Les faits et la procédure:
La société Chaumet international a déposé auprès de l'Organisation Mondiale de la Propriété Intellectuelle le 11 septembre 1995 un modèle de bague "Lien" dans sa ligne de collection sur ce thème.
Exposant que la SARL Diperi Claret, bijoutier à Bastia, s'est rendue coupable d'actes de contrefaçon en commercialisant une copie servile de cette bague réalisée dans son atelier, la société Chaumet international, après avoir procédé à une saisie-contrefaçon du bijou le 16 juillet 1999, l'a faite assigner en contrefaçon et concurrence déloyale et en paiement de dommages et intérêts.

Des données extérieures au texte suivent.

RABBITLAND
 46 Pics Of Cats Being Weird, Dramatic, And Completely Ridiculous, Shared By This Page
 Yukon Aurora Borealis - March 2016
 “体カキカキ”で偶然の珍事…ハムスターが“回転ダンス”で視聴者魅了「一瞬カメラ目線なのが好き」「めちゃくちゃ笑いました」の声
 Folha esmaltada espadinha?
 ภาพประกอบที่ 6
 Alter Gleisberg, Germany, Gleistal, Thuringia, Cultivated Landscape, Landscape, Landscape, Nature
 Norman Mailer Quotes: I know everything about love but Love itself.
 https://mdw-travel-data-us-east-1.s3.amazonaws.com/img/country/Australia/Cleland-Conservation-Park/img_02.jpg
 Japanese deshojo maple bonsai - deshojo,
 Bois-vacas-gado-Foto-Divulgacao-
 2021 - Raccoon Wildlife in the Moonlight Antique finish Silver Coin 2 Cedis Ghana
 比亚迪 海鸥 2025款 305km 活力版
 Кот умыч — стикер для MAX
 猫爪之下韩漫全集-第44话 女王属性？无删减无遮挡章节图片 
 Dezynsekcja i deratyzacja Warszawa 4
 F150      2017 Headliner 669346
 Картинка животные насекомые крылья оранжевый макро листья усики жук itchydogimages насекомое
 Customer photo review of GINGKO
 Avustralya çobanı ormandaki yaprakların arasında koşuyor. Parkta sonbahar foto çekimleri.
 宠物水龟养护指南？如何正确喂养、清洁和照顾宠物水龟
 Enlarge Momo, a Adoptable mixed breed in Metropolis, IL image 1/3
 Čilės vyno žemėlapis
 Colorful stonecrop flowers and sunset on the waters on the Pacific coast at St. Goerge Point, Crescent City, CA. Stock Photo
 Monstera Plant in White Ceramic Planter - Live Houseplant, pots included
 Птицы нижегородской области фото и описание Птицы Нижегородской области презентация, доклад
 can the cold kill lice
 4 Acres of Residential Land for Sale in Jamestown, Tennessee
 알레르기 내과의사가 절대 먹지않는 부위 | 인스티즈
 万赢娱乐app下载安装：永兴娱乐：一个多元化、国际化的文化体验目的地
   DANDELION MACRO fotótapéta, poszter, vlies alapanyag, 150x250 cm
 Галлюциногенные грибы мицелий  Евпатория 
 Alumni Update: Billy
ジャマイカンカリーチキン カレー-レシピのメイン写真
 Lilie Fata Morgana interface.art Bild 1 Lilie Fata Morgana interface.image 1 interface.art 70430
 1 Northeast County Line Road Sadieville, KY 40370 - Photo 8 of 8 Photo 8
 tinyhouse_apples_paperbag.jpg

Par jugement du 18 mai 2001, le Tribunal de commerce de Bastia:
- a mis hors de cause Monsieur Bruno Claret,
- a déclaré l'action recevable en la forme,
- au fond, a débouté la société Chaumet international de ses demandes envers la société Diperi Claret,
- a rejeté la demande reconventionnelle de la société Diperi Claret,
- a condamné la société Chaumet international à payer à la société Diperi Claret la somme de 5 000 F au titre de l'article 700 du nouveau Code de procédure civile,
- a condamné la société Chaumet international aux dépens.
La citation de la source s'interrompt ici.